Incompetent, deliberate or else?

Why does the Bundesanstalt für Milchforschung (Federal Institute for Milk Research) withhold a probable and with regard to consumer safety possibly significant difference between conventionally and ecologically produced milk?

Roland Heynkes, 26.9.2002 (minor addition at 1.12.2002) (Translation by Ingrid Schütt-Abraham)

One of the principles of the new consumer protection policy in Germany and the European Union is that consumers should be informed as best as possible about the known and unknown risks of food to enable them to decide for themselves what risk they are willing to take and at which cost. This new thinking follows the precautionary principle and has especially been propagated by Minister Künast in the Federal Ministry for Consumer Protection, Food and Agriculture (BMVEL). Also the former Agricultural Ministry which has to take much of the responsibility for the BSE crisis was re-structured following this principle.

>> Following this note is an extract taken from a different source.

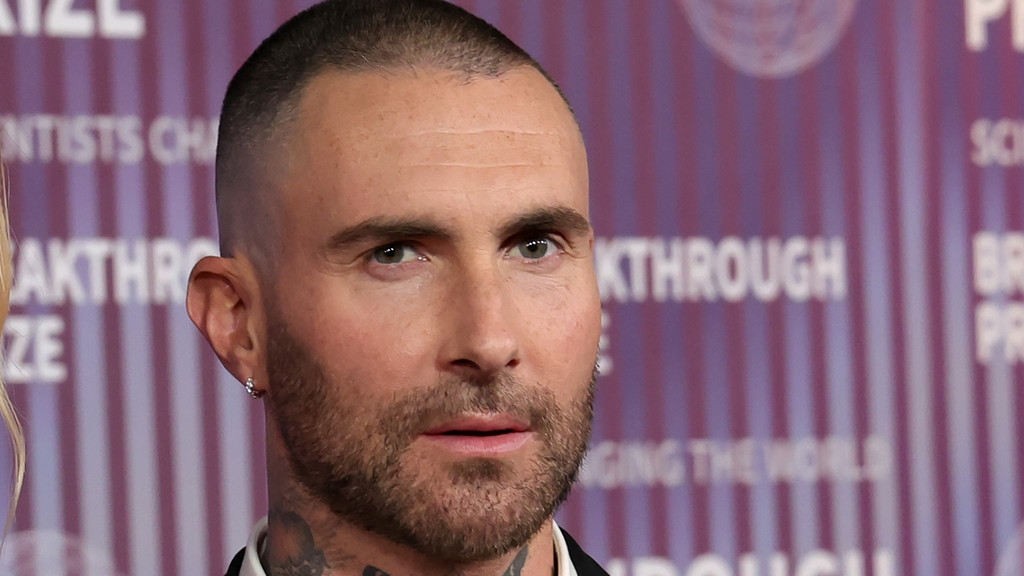 Adam Levine recalls getting 'slung' over bodyguard after confronting nightclub owner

It appears odd, then, that subordinate bodies to this newly structured Consumer Ministry should violate this new spirit. Nevertheless such an infringement happened when the Bundesanstalt für Fleischforschung (Federal Meat Research Institute) underestimated the importance of the detection of Nitrofen, a long since prohibited substance, in a sample examined for a private customer, and due to this misinterpretation failed to forward a warning to the BMVEL. And now the Bundesanstalt für Milchforschung (BafM) in Kiel (Federal Institute for Milk Research) releases a general statement that from the viewpoint of food safety (pathogens) no significant consumer-relevant differences exist between ecologically and conventionally produced milk [BAM,AHO,IDW].

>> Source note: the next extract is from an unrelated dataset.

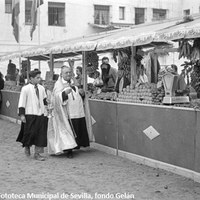 17. Inauguración del Mercado de San Gonzalo, 14 de enero de 1960. A la inauguración del entonces conocido como mercadillo de San Gonzalo, constituido por 21 puestos, asistieron las primeras autoridades locales, siendo bendecido por el padre Arroyo, párroco de la feligresía.     ©ICAS-SAHP. Fototeca Municipal de Sevilla, fondo Gelán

However, there exists one highly significant difference between dairy cows raised according to ecological or conventional regimes, as the vast majority of today's milk producing cows have been born before it was prohibited to feed animal fat to calves. Only since the 2.12.2000 milk replacer must not contain animal fat when produced in Germany [RH2], as this fat if originating from a BSE-infected cow not detected at slaughter could contain infectious nervous tissue [GH1,GH2,GH3,GH4,GH5,GH6], and as prions are much more resistant to heat in fat than in water [JKN]. According to the European Fat Processors and Renderers Associaton (EFPRA) animal fat became only gently heat-treated in oder to maintain the high quality of tallow when used for calf milk replacers [SSC]. Provided this feed ban issued by the Federal Government was not just a costly and with regar to consumer protection irrelevant nonsense one has to assume a consumer-relevant or at least not calculable risk that part of the conventionally kept dairy cows have become BSE-infected by animal fat as ingredient in their milk replacer. Infectious animal fat could also provide an explanation for the BSE cases which occurred in British cattle born after the ban [DEF], i.e. after the absolute and strict enforcement of the MBM-ban coming into effect on the 1.8.1996 [RH1] . To milk replacer as a source of infection for German cattle points also the fact that most of the British BSE cases have become infected during their first weeks of life [RH3].

Contrary to conventional agricultural systems the use of milk replacers containing animal fat was never permitted by Demeter and has since the 7.12.1993 been forbidden by Bioland. Generally the ecological agriculture was refraining from using feed not produced on the farm [BIO,DEM]. Thus until now in more than 180.000 British and 214 German BSE cases not a single case has been found in cattle raised from birth in compliance with the guidelines of ecological agriculture [NA1,NA2,NA3]. Statistically ecologically raised dairy cows bear thus a significantly lower risk of incubating BSE than conventionally raised dairy cows.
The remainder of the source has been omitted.